Marian Call Creates a Kickstarter Formula to Keep You In the Black
Interested in Kickstarting a project? Time to get familiar with the fc/tf formula.
My friend Marian Call is minutes away from completing her second successful Kickstarter, to fund her new album “Standing Stones.” As of this writing, 1,083 backers have pledged $66,384 of her $25,000 goal. (Full disclosure: I am one of those backers.)
Call also published a 5,000-word analysis of how to run a successful Kickstarter, titled Kickstarter Math is Weird. Consider it mandatory reading for anyone planning to launch a Kickstarter—and I stress the word planning here, because, as Call notes, most of what will make your Kickstarter succeed or fail happens long before you ask the crowd for funding.
What are some factors that might determine a Kickstarter’s success? Call cites both the quantitative:
My budget is based on real numbers and quotes, not guesses, down to exact airfare and realistic food estimates. Don’t ever guess on your project budget — you probably don’t have to. A little research, a few phone calls, will save you a lot of trouble.
And the qualitative:
Your crowdfunding goal should be determined by the amount your crowdfunding community can cheerfully bear. No begging and pleading, no desperation or self-flagellation should enter into it — they want to see themselves climbing this mountain together in a spirit of fun and enthusiasm. Don’t set an amount higher than the spirit of the crowd can joyfully conquer. If you need more, you have to come up with the rest on your own.

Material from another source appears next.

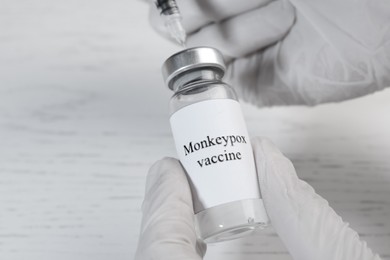 Nurse filling syringe with monkeypox vaccine from vial at white wooden table, closeup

Then Call goes deep into the math, sharing the spreadsheet she used to create her project and inviting other creators to copy and adjust it to their own needs.
A large portion of the spreadsheet builds towards what Call identifies as the fc/tf formula, or “fulfillment cost as percentage of total funding.” This is where a lot of people run into problems: they create Kickstarter rewards that cost so much to fulfill that they don’t have money left over to do their project.
Call notes that changing the fc/tf value by a few hundredths of a decimal can be enough to take a project from the black to the red. It’s an extremely tricky balance to find, because you want to provide rewards that backers want, but you also want to keep that fulfillment cost percentage as low as possible.
You also have very little control over the fc/tf value, once the project gets going. Let’s say you have one reward that costs a lot to fulfill (like mailing posters in tubes) and that’s the reward tier that everyone backs. Your fulfillment cost rises out of proportion to your total funding.
There are a variety of factors that can push your fulfillment cost up, from the number of international backers who support your project to the USPS’s decision to raise postage rates one week after your Kickstarter launches. Call’s advice? Plan for as many contingencies as possible.
Run scenarios where everyone backs a specific tier, especially a tier you don’t expect. If you have a reward that is expensive to fulfill (for me, $125) and everyone flocks to it, will you still have enough for the main project budget?
You have to be solvent if people hit your highest rewards harder than you expect, but also if NOBODY takes your top rewards. Run your scenario with almost everyone backing at $50 or less, and then with most backing at $50 or more.
Try to break your funding, until you are sure your funding always works no matter what the crowd does.
If you’re thinking about doing a Kickstarter and you’d like to try to break your funding, start with Call’s spreadsheet and begin putting in your own numbers.
And read her entire guide to Kickstarting. Then read it again, because there’s a lot of information there. If I had read and followed this guide before launching my own Kickstarter, I probably wouldn’t have gone $3,000 in the hole to complete my project.
Also: the guide works for Patreon too.